Retort to Gen Y, story by John Winn
I want to begin by saying that this article is in no way disputing John Wi article “Racing to the bottom”. It’s merely a different perspective from a son of a father raised in the Depression Era. A different slant stimulated by John’s article.
Baking a cake:
To bake a cake correctly means that you must find the best recipe, gather all the best ingredients, mix them together, and bake it for a specific time and at a specific temperature. Naturally this is a metaphorical response to the article by John Winn titled “Racing to the bottom”. Although I agree with his description of the 2008 economical collapse as well as the collapse of Gen-Y dreams and the loss of their possible profits that John mentions, I think the biggest and brightest points for the Gen-Y writers has been left undiscovered and unmentioned by this article. So with the stomping of my finger tips against my 1987 whiz-bang model keyboard let me regale you with some thoughts swirling in this old fuzzy head of mine. I was born in nineteen hundred and forty nine, which scares the hell out of me just saying it, let alone trying to remember all that has happened on this amazing one way trip. When looking back thru the history of this time you will find it was and still is, the richest and most productive time in the history of our country. This is where we began our climb out of a deep depression with 25% unemployment and into history as the number one superpower in the world. Soup lines were the rock concert of the day. Then came a miracle, everyone began discovering a little known devise called credit. If you had a job and could dream of it, then it was yours. New cars, art deco furniture and fat chrome grill automobiles. Before long the buying of these products and Roosevelt’s public works program stimulated the nation into a preconceived wealth. Additionally this time period inspired some of the greatest writers who wrote some of our favorite literature (i.e.) Dylan Thomas, Robert Frost, T.S. Elliot and many others; an awful lot of these writers were raised in the depression era and were prior to the economical boom. In fact when you open a book of great American Poets of this era you find one of two amazing facts, either the poets in question were born with a silver spoon in their mouth, or they were dirt poor. In John’s article he mentions the words aspiring writers having to put their dreams on the back burner. But I believe every writer is aspiring to become something, but aspiring means not there yet, it embodies the term hard work and low times that requires you to climb out of where you are. No one gets to the top without a ladder, without aspiring; it’s just another word for life’s apprenticeship.

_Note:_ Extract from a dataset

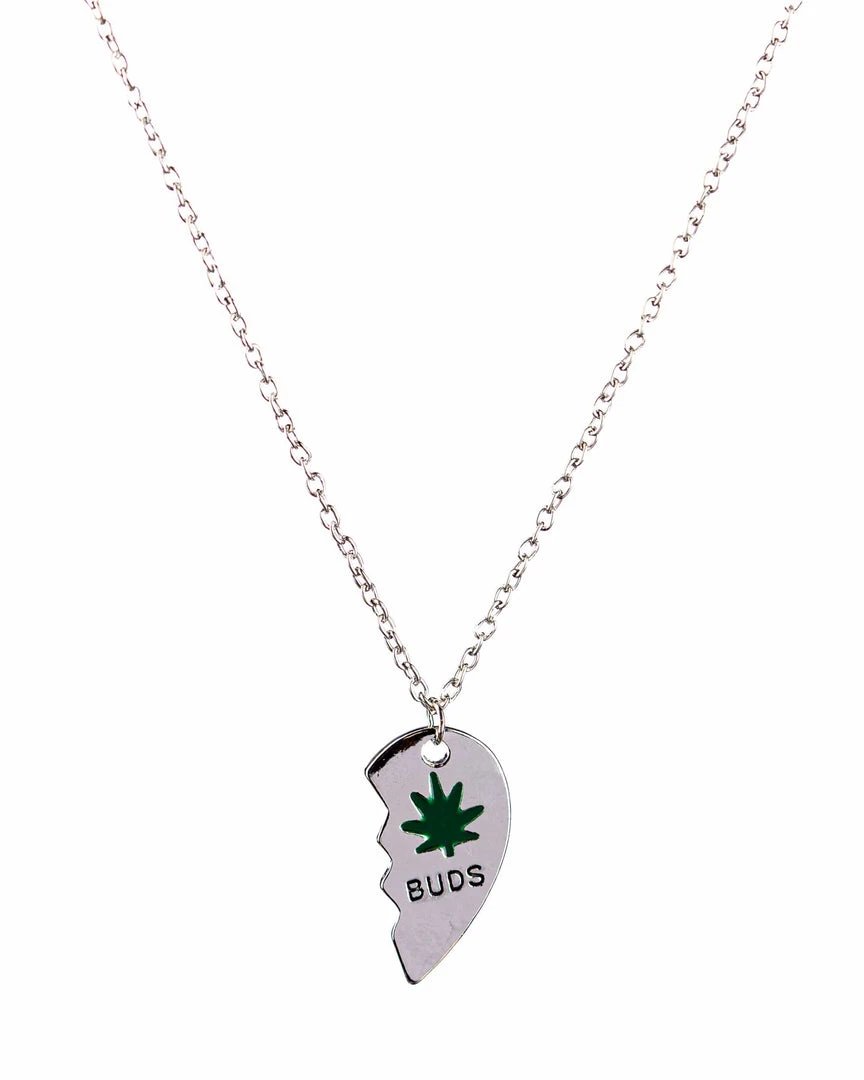 DankStop Best Buds Sharable Necklace 5 DankStop Best Buds Sharable Necklace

The point of this being that the economics of a nation will never slowdown or stop the crème from rising to the top. In fact I would like to argue the contrary point that the poorer we become economically the richer our writing becomes. The greater the desire to rise above what society has made of you. Berlin at present is where you will find some of the greatest poets and writers on the planet due to the deep depressed world that has surrounded them in the past couple decades. The potential for becoming great there has spread to the point it is now a hot bed for expatriates who want to suck up some of the depression enabling their writing to find freedom which is ironic. While being poor may not be fun and may not get you the job you have hoped for, it presents one self with the recipe required for the writers palette, the ingredients (behind in rent, food rationing, love starvation etc.) the temperature (the soul catching fire in grief and disgust) and time (hard times and depression) these things are the classroom requirements of the world greatest future writers. To become a really good successful writer sometimes it’s the suffering that fires the soul of a writer into a frenzy that in turn bakes the very best cakes we’ve ever eaten. Think of it like this, if all you eat is bland then you taste some Cajun food, well hells bell fire.

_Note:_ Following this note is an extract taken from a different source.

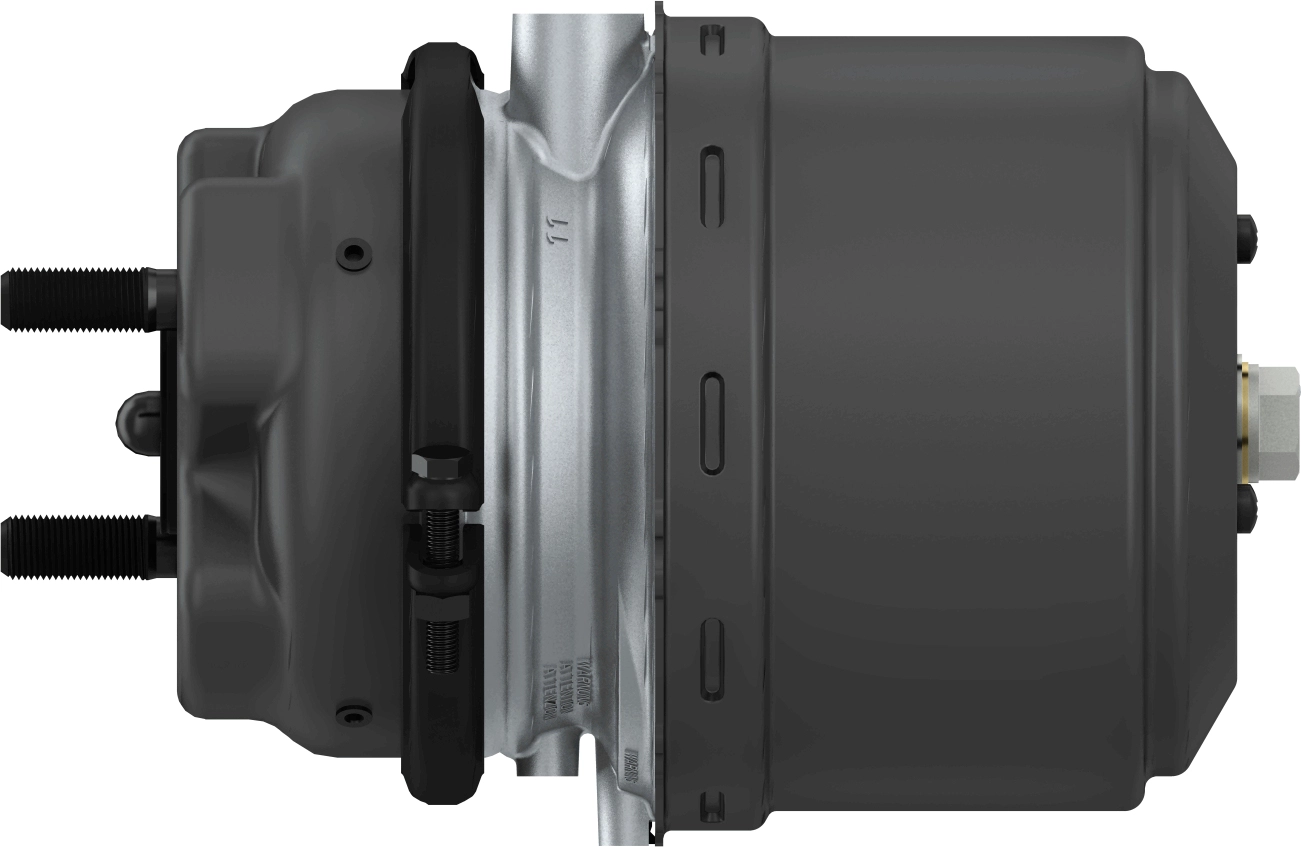 Multi-function Brake Cylinder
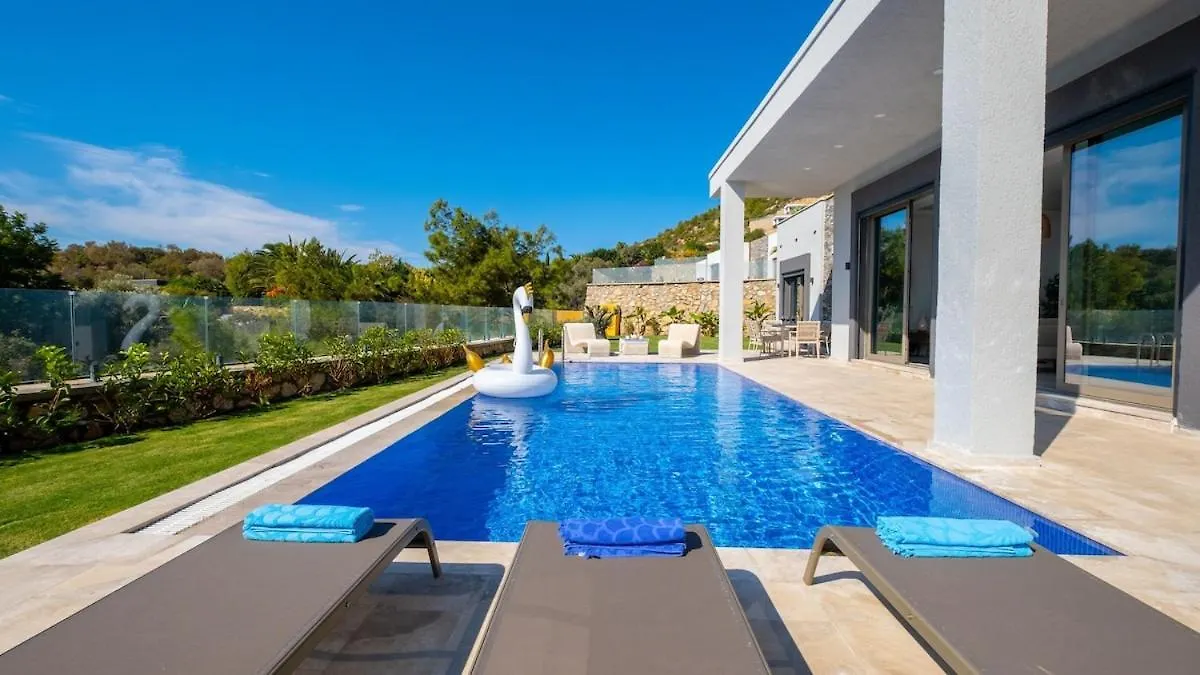 Villa Bolero Bodrum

Most successful writers born under the tyranny of poverty also become miserly with money, and you can imagine why that is. In Dylan Thomas case for instance, although not deprived by any means, he found that the deeper he submerged himself into the bottom of a good stiff liquid of depression, his artistry began to flourish. A drunk who fell under the spell of self pity found salvation reserved solely for a writer’s depressed soul. Gen-Y should take advantage of their wonderful misfortune, gather themselves in the back of the black closet of economics and drown themselves in deep self pitying caverns. Forget about fame and fortune, and just write with hate, or hope. Fame is rarely what the infamous believe it to be. And fortune, well it’s so time consuming taking care of all your wealth as so no one else gets their hands on it, that it can also cause you to drift away from what’s truly important, who you really are inside, “A Writer”. So if fame and fortune is not available to you, I say so what? Utilize this “missed-fortune” and instead plant the seeds in the lowly dirt of your generation’s low tide times. You will gain a future and find your way into history just as Robert Frost did; Edgar Allen Poe did, as T.S. did, as well as all the other great poets who nearly starved to death on a daily basis. Look at them now that they’re gone to a place where coin cannot buy favor, but where literature enriched their poverty lives. Richer or poorer, famous or unknown, seize these years of yours, plow the fields, plant the seeds and let your crops grow higher than any income or economy. Find fame and fortune within your words, for yourself, for your soul, and most of all for those skinny underfed hungry readers who just love the taste of your good baked cake. Why a writer would judge their success on a gage made by society is well beyond my grasp. The whole idea of being a writer is to see things differently, peripheral perception. A king is a king weather wealthy or not.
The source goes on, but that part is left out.